O livro Intellectuals and Society de Thomas Sowell é perspicaz, mas é cortado por uma tensão fundamental. Os intelectuais enxergam erradamente o livre mercado como um jogo de somatória zero.
Dentre as consequências da iliteracia econômica da maioria dos intelectuais está a visão de somatória zero da economia… na qual os ganhos de um indivíduo ou de um grupo representam uma perda correspondente para um outro indivíduo ou um outro grupo… A noção vulgarizada, que se coalesce na doutrina de que é preciso ‘tomar partido’ na formulação das políticas públicas ou mesmo na interpretação de decisões judiciais, ignora o fato de que as transações econômicas não continuariam ocorrendo a menos que ambas as partes julgassem que fazer tais transações fosse preferível a não fazer tais transações (pp. 56–57).
Os intelectuais não conseguem compreender um ponto que Ludwig von Mises frisou repetidamente: o mercado é o principal meio pelo qual as pessoas se beneficiam da cooperação social. Mas quem são esses intelectuais que são tão carentes de percepção? Sowell estabelece uma distinção acentuada entre pessoas que produzem bens e serviços e aqueles que lidam apenas com ideias:
No âmago da noção de intelectual, como tal, está o negociante de ideias, mas não a aplicação pessoal de ideias como os engenheiros que aplicam complexos princípios científicos para criar estruturas ou mecanismos físicos. O trabalho de um intelectual começa e termina com ideias, independentemente de quão influentes essas ideias sejam em coisas concretas – nas mãos dos outros. Adam Smith nunca administrou um negócio e Karl Marx nunca administrou um Gulag (p.3).
Porque os intelectuais trabalham com ideias, eles frequentemente superestimam a importância do planejamento consciente. Eles creem que, assim como eles são capazes de idealizar soluções para os seus enigmas intelectuais, também a sociedade deve ser guiada pelo design racional. Essa visão os leva a subestimar o potencial do livre mercado, que se escora na inteligência dispersa de milhões de pessoas, coordenada através de preços. Sowell, com sua característica habilidade de fazer citações pertinentes, cita diversas observações que mostram essa atitude para com o planejamento: “John Dewey, por exemplo, deixou isso claro: ‘Tendo o conhecimento, nós podemos nos aplicar com confiança a um projeto de invenção social e engenharia experimental.’ Mas, a pergunta ignorada é: Quem – se por acaso alguém – possui esse tipo de conhecimento?” (p. 18).

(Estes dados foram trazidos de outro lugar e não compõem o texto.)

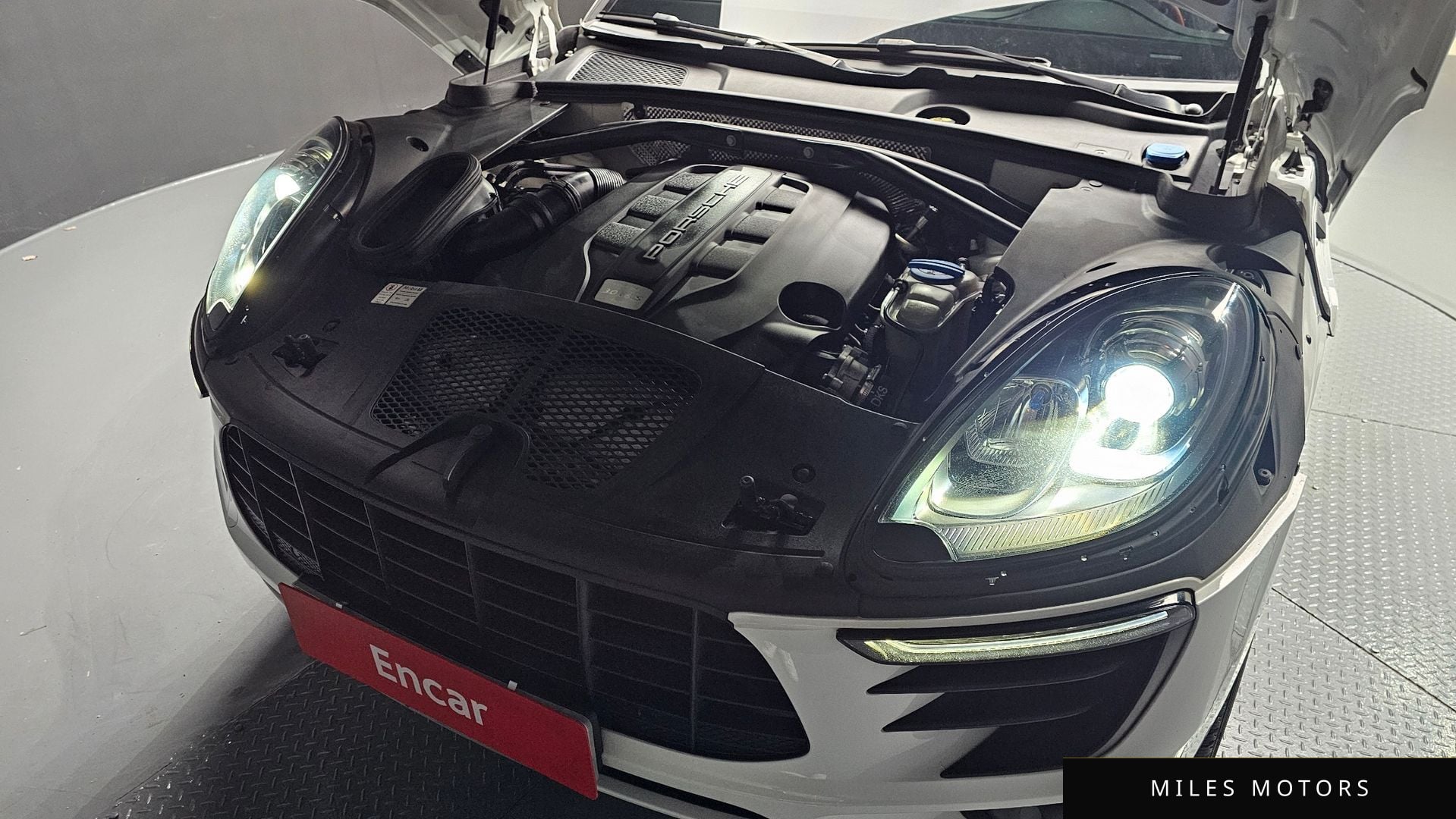 Porsche Macan 2015 — миниатюра 6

Os intelectuais, então, subestimam o mercado livre, porque a operação deste se choca contra o seu modo característico de pensar. Até aqui tudo bem: entretanto, Sowell também vê muitos intelectuais de uma forma que, em parte, está em desacordo com a visão apresentada. Aqui, o problema com esses intelectuais é que eles rejeitam a ‘visão trágica’, que enxerga os problemas do mundo como sendo no geral intratáveis. Sowell descreve a visão trágica desta maneira:
As ‘soluções’ não são esperadas por aqueles que veem muitas das frustrações e anomalias da vida – a tragédia da condição humana – como sendo devidas a restrições inerentes aos seres humanos, isoladas ou coletivamente, no contexto do mundo físico em que vivem. Na visão trágica, a barbárie está sempre esperando por debaixo das asas, e a civilização é simplesmente ‘uma crosta fina em cima de um vulcão’. Essa visão tem poucas soluções a oferecer e muitas permutas difíceis para refletir (pp. 77-78).
Sowell contrasta essa visão trágica com uma visão da sociedade “em que há muitos ‘problemas’ a serem ‘resolvidos’ aplicando as ideias das elites dos intelectuais moralmente ungidos” (p. 77). Nesse contraste, ele ignora um importante impulso de seu próprio trabalho, e, desse modo, cria a tensão que mencionei anteriormente. Nos comentários recém citados, Sowell divide os intelectuais naqueles que afirmam que as suas ideias podem resolver os problemas do mundo e aqueles que negam tal coisa, afirmando que esses problemas não podem ser resolvidos. Como é que esta proposição pode ser conciliada à sua reivindicação anterior, a de que o mercado livre oferece uma oportunidade para as pessoas agarrarem através da cooperação social, um fato que muitos intelectuais não conseguem entender? Nessa visão, se não impedirmos o mercado livre, não estaremos condenados à tragédia. É claro que adotar essa visão não nos compromete a afirmar que todos os problemas do mundo podem ser resolvidos, mas se o mercado livre possui os benefícios que Sowell lhe atribui, uma vasta seção da realidade encontra-se imune à visão trágica que ele defende.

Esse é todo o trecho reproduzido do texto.